Volgens de prognoses groeit het aantal huishoudens in de regio met circa 25.000 tot ruim 251.000 huishoudens in 2030. Mede in het licht van de huidige regionale woningtekorten (gemiddeld 3%, dus een kleine 7.000 woningen) en andere ontwikkelingen zoals de verstedelijkingsopgave in Deventer en Zwolle, de toenemende marktdruk (met name in het stedelijk gebied) en migratiestromen willen we als regio een groei van 35.000 - 40.000 huishoudens tot 2030 accommoderen. Tabel 1 laat zien dat de gemeenten in West-Overijssel samen tot 2030 een kleine 26.000 woningen in harde en zachte plancapaciteit hebben. Dat betekent dat naast het realiseren van harde en zachte plannen ingezet zal worden op het toevoegen van extra plancapaciteit voor 9.000 - 14.000 woningen in West-Overijssel in de periode tot 2030, waarvan ongeveer de helft (5.500) voor autonome behoefte en ongeveer de helft voor de extra (verstedelijkings)ambities. De huidige capaciteit, en dus de omvang en verdeling van de zoekopgave naar extra capaciteit voor autonome behoefte en voor verstedelijkingsambities, verschilt per gemeente. De genoemde aantallen in tabel 2 vormen een voorstelling van de behoefte en geven de richting aan, maar zijn uiteindelijk de uitkomst van het sturen op kwaliteiten.

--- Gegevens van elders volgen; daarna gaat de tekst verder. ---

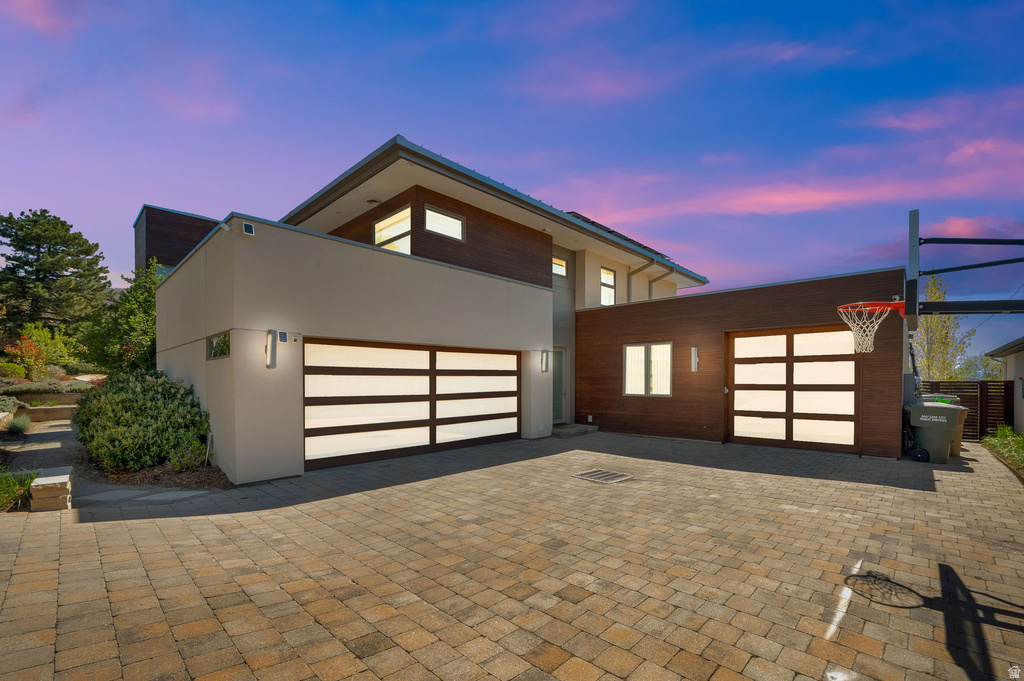 239 N VIRGINIA ST Salt Lake City, UT 84103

afbeelding "i_NL.IMRO.0193.BP19008-0004_0006.png"

Dit neemt niet weg dat een onderbouwing van de behoefte nodig blijft. In de Ontwikkelstrategie Wonen 2019-2024 is als actualisatie op- en uitvoering van de Woonvisie de woningbouwbehoefte voor de komende 10 jaar vastgesteld op 1.000 woningen per jaar. Basis hiervoor ligt onder andere in de regionale bevolkingsprognose 2020 van het Planbureau voor de Leefomgeving (PBL, in samenwerking met het CBS) waarin voor Zwolle tot 2035 een huishoudensgroei van 13% wordt voorzien. Daarnaast biedt de hittekaart van BPD en de krapte-indicator van de NVM (aantal beschikbare woningen voor de consument die een woning zoekt) een goede indicatie van de krapte op de woningmarkt en de behoefte aan woningen. De krapte-indicator staat per januari 2021 op 1 terwijl een indicator tussen 5 en 10 staat voor een evenwichtige woningmarkt. Een indicator van 1 duidt op een zeer krappe woningmarkt en de grote behoefte aan het toevoegen van nieuwe woningen. De krapte is aanwezig in alle categorieën en prijssegmenten.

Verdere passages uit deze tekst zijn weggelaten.